Blue holes though similar to sinkholes are much grander in scale, according to Besl.
“They can be 300 meters deep, like the Dragon Hole in the South China Sea, or 300 meters wide, like the aptly named Great Blue Hole in Belize. The Bahamas is home to the world’s greatest concentration of blue holes, making it an appealing destination for paleotempestologists—scientists who study historical tropical cyclone activity,” she noted.
Besl pointed out that the seafloor at the base of a blue hole acts like a calendar of past storms.
The sediment at the bottom of the blue hole builds up over time like an ice core or tree ring grows season after season, she explained.
“Natural currents coax a sugary sprinkle of small sand grains into the hole, while violent hurricanes pitch larger grains into the pit. By comparing layers of (both) coarse and fine grains in this sedimentary lasagna, researchers can count how many hurricanes passed nearby.
“What makes a blue hole a valuable long-term record is that once the sediment settles, there’s very little activity in the pit to disturb it.”
Hine’s Hole is a 340-meter-wide hole that penetrates the seafloor in the western Bahamas and offers a prime example of a blue hole hurricane record.
The blue hole sits halfway between Cuba and the Florida Keys and is far from any landform. As a result, it can chronicle weaker storms that blow in from any direction.
Besl indicated that the base of the hole is also low in oxygen, so no animals live there to disrupt the delicate sediment. “A steady surface current shooting over the hole sends two to three centimeters of sand tumbling into Hine’s Hole each year,” she added.
Tyler Winkler, a geologist at the Woods Hole Oceanographic Institution in Massachusetts led the study at Hine’s Hole. He indicated that it has the highest sedimentation rate of any blue hole he and his colleagues have seen.
For the new study, they drilled 18 meters into the sediment at the bottom of Hine’s Hole, recovering cores representing the past 540 years of deposition.
Besl reported that after comparing the top layers to the modern hurricane record, the researchers have high confidence that Hine’s Hole recorded every Category 2 or higher hurricane within 75 kilometers.
“Analyzing the cores even further showed that the number of tropical cyclones roiling this corner of the Bahamas is in a historical lull,” she noted.
Wrinker revealed that over the last 170 years, there had been about five hurricanes per century on average, according to the local record from Hine’s Hole.
“But the rate has been almost eight times that in the past,” he said.
According to the research, the area around Hine’s Hole has experienced major swings in storm frequency since 1480.
“The team cross-checked their findings with other Bahamian blue holes, as well as with tree rings and even ship captains’ logs.

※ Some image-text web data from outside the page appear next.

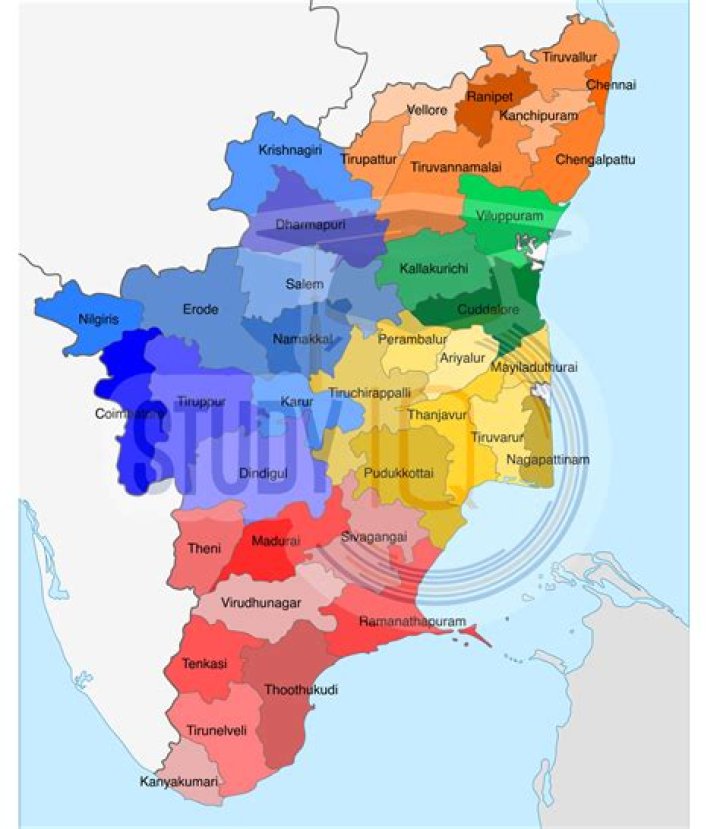 Where can I study MCA in Tamilnadu?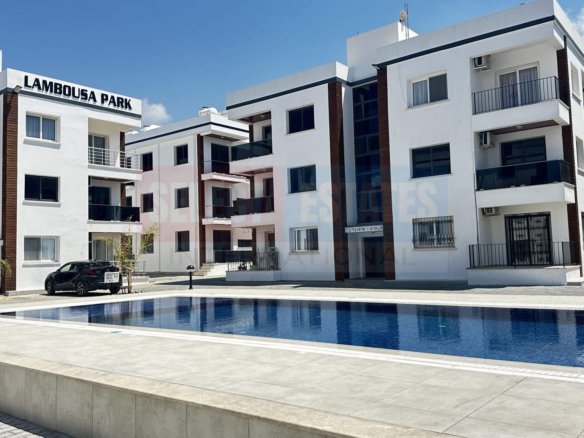 2+1 Suitable for Mortgage in Lapta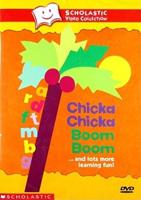Chicka Chicka Boom Boom: And Lots More Learning Fun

The study shows that hurricane activity has dipped since the 1860s, shortly after modern record-keeping began. That means every hurricane since Alfred Nobel invented dynamite has occurred during a historically quiet period in the area,” noted Besl.
Sediment cores extracted from blue holes are important, said Hali Kilbourne, a climate researcher at the University of Maryland Center for Environmental Science, not involved in the study. She said the blue holes can provide a glimpse of the preindustrial era.
“That’s something the instrumental records can’t do,” Kilbourne said. As a bonus, the limestone shelf of the Bahamas is rich with blue holes. “They’re in the perfect spot.”
Winkler and his team expect to return to Hine’s Hole to dig even deeper to gain more context for the current lull. It is believed that there is at least 60 meters of accumulation at the bottom of Hine’s Hole, which could illuminate more than 2,000 years of hurricane history.
“That’s why this particular site is so important,” noted Winkler. “There’s nowhere else we’ve encountered yet that has the potential longevity and resolution for storm activity.”
“Hine’s Hole shows that in the pre0industrial era before record-keeping began, the Bahamas experienced far more annual hurricanes than it does now. If that heightened activity returns, even the Greek alphabet may not be enough to keep track of them all,” wrote Besl.